## What is required
Your task is to repeat the entries below exactly and to leave their images out.

Excerpted data Start Marker

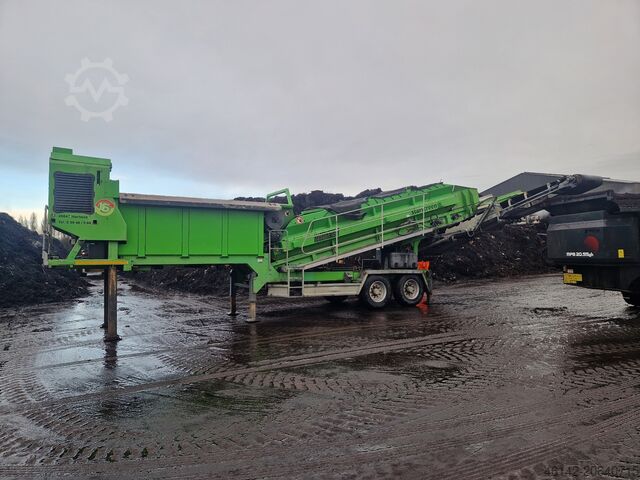 Mobile Star Screen Neuenhauser 2F Mobile Star Screen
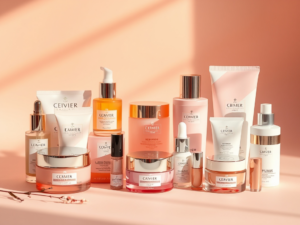 Hamilelikte sağlığınız için uzak durmanız gereken kozmetik ürünleri keşfedin. Güvenli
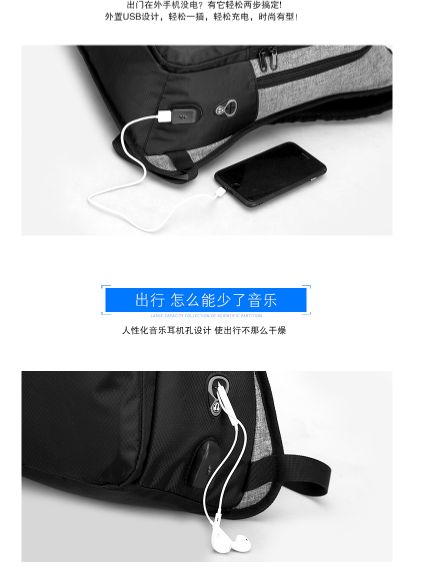 Hong Kong Gift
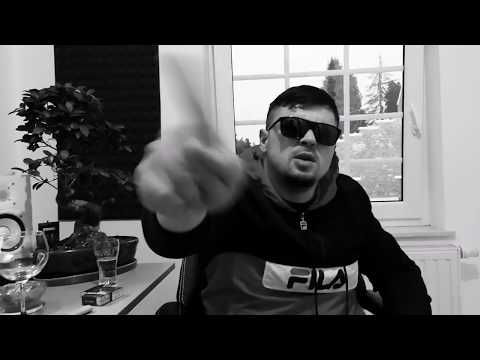 NAPO - Freestyle Quarantaine (Prod by SpiriBeats)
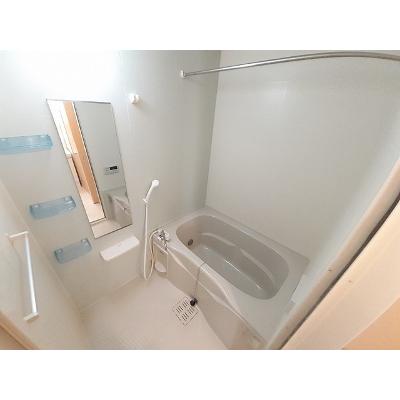 ブリーゼ・川宮Ⅱ 101【管理NO：1-018662001-01010】 ★家具家電は申し込み後に搬入します★ ★2026年10月中旬入居可能★の物件画像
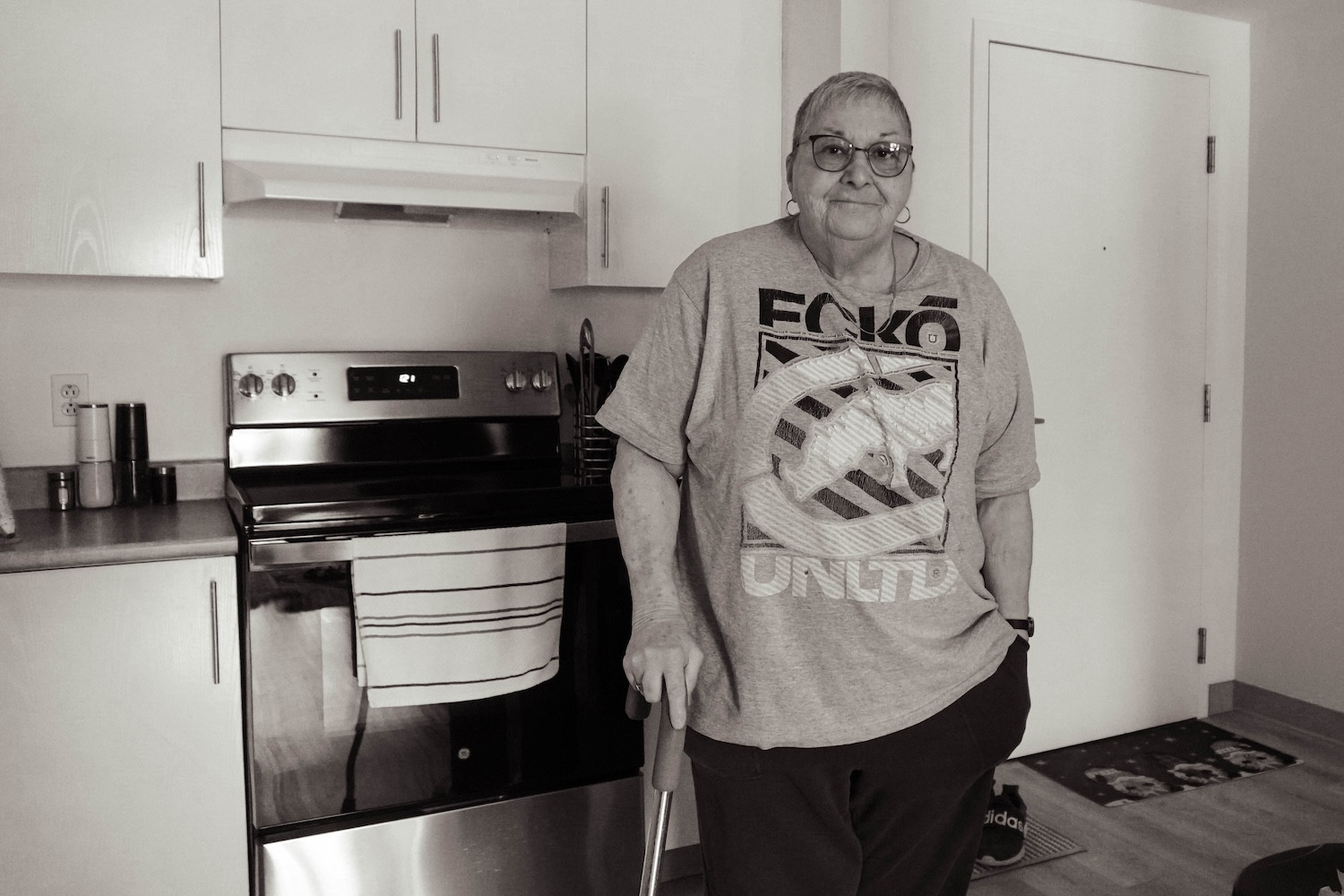 Photo : Salomé Maari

Excerpted data End Marker

## Answer space
 Mobile Star Screen Neuenhauser 2F Mobile Star Screen
 Hamilelikte sağlığınız için uzak durmanız gereken kozmetik ürünleri keşfedin. Güvenli
 Hong Kong Gift
 NAPO - Freestyle Quarantaine (Prod by SpiriBeats)
 ブリーゼ・川宮Ⅱ 101【管理NO：1-018662001-01010】 ★家具家電は申し込み後に搬入します★ ★2026年10月中旬入居可能★の物件画像
 Photo : Salomé Maari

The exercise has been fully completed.